Bu girişten sonra anlatmak istediğim konuya gelmek istiyorum. Geçen gün bina yöneticimiz grubumuza şöyle bir mesaj attı: “Arkadaşlar blokumuzda çok huzurlu ve güzel bir ortam gözlemledim. Tüm kat maliklerimize teşekkür ediyorum.” Bu mesaj aslında yazımın özeti gibiydi ve bizim apartman özelinde olan bu huzurun Gümüşhane’nin geneline yayıldığını düşünüyorum. Özellikle güvenlik konusunda Gümüşhane’nin bulunduğu olumlu konum son derece etkilidir. Gümüşhane insanında olan misafirperverlik ve hoşgörünün de şehirdeki huzurun temelleri olduğunu söyleyebilirim. Bilhassa ramazan ayının manevi ikliminin de üzerimize gelmesiyle beraber bu huzurlu durum pekişmiştir. Belki şehrimizde büyük alışveriş merkezleri, metrolar, devasa fabrikalar yok. Ama unutulmamalı ki bazen bunlar huzurun ve mutluluğun oluşmasında yeterli olmuyor. Hatta bu saydıklarım bazen huzursuzlukların ve mutsuzlukların kaynağı bile olabiliyor. Büyük şehirlerdeki insanlar için kalabalıktaki yalnızlar terimi artık çokça ifade edilmektedir. İnsanlar kapı komşusuna bile selam vermekten ve almaktan çekinir bir durumdayken Gümüşhane’nin bu samimi hali takdire şayandır. Yani demem o ki şehrimiz de Cittaslov yani sakin ve huzurlu bir şehirdir. Siz ne dersiniz?
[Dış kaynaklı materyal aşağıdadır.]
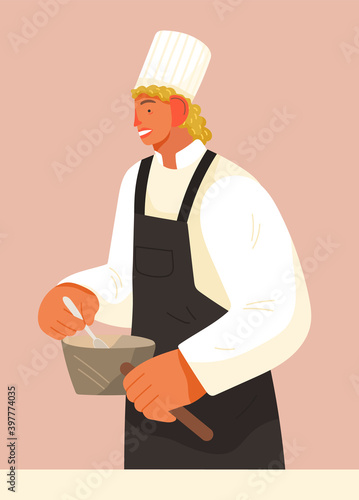 Chief-cooker young man at work. Cartoon chief cooking in restaurant professional kitchen. Food industry, restaurant service illustration. Chef in black apron cook food mix with a spoon in a pan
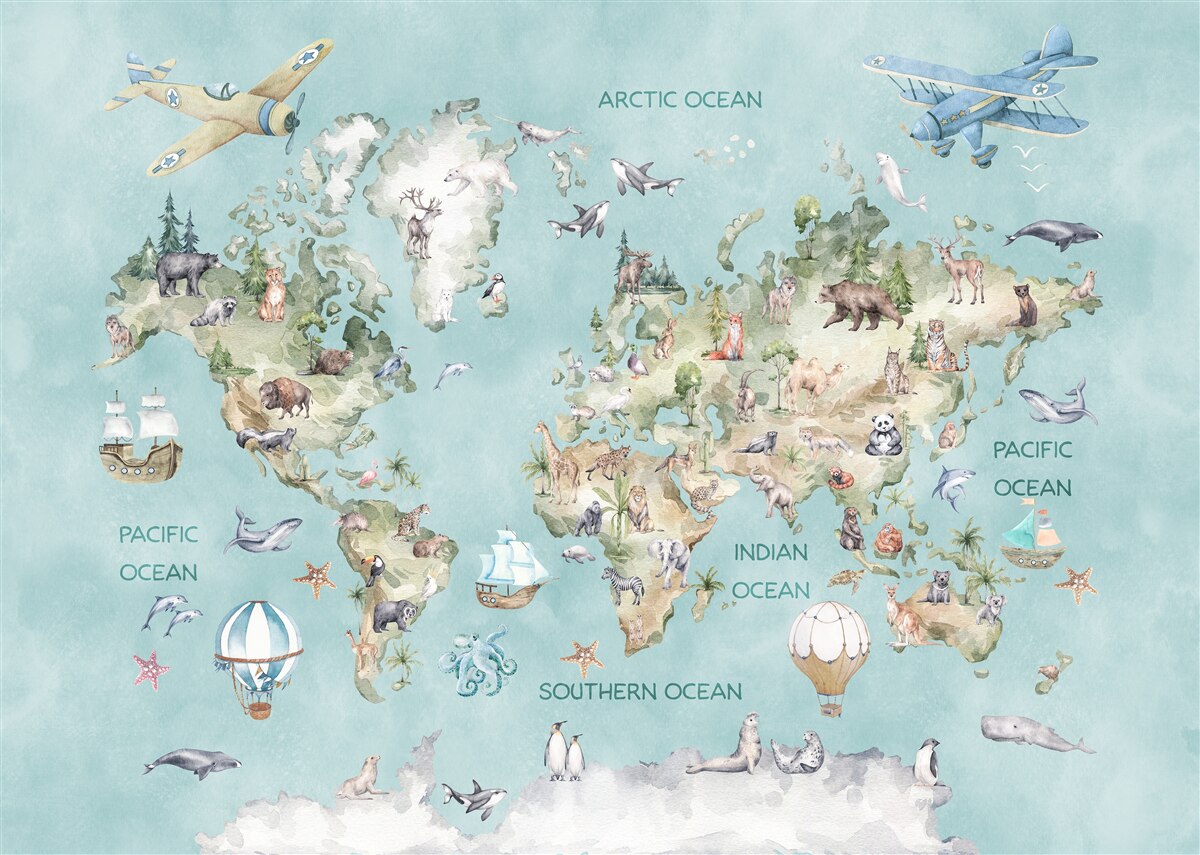 Carta da parati Mappa del mondo per bambini con gli oceani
Bir Reçete: Ramazan-ı Şerif'teki oruç, hakikî ve hâlis, azametli ve umumî bir şükrün anahtarıdır. Çünki sair vakitlerde mecburiyet tahtında olmayan insanların çoğu, hakikî açlık hissetmedikleri zaman, çok nimetlerin kıymetini derk edemiyor. Kuru bir parça ekmek, tok olan adamlara, hususan zengin olsa, ondaki derece-i nimet anlaşılmıyor. Halbuki iftar vaktinde o kuru ekmek, bir mü'minin nazarında çok kıymetdar bir nimet-i İlahiye olduğuna kuvve-i zaikası şehadet eder. Padişahtan tâ en fukaraya kadar herkes, Ramazan-ı Şerifte o nimetlerin kıymetlerini anlamakla bir şükr-ü manevîye mazhar olur. Hem gündüzdeki yemekten memnuiyeti cihetiyle; "O nimetler benim mülküm değil. Ben bunların tenavülünde hür değilim; demek başkasının malıdır ve in'amıdır. Onun emrini bekliyorum." diye nimeti nimet bilir; bir şükr-ü manevî eder. İşte bu suretle oruç, çok cihetlerle hakikî vazife-i insaniye olan şükrün anahtarı hükmüne geçer.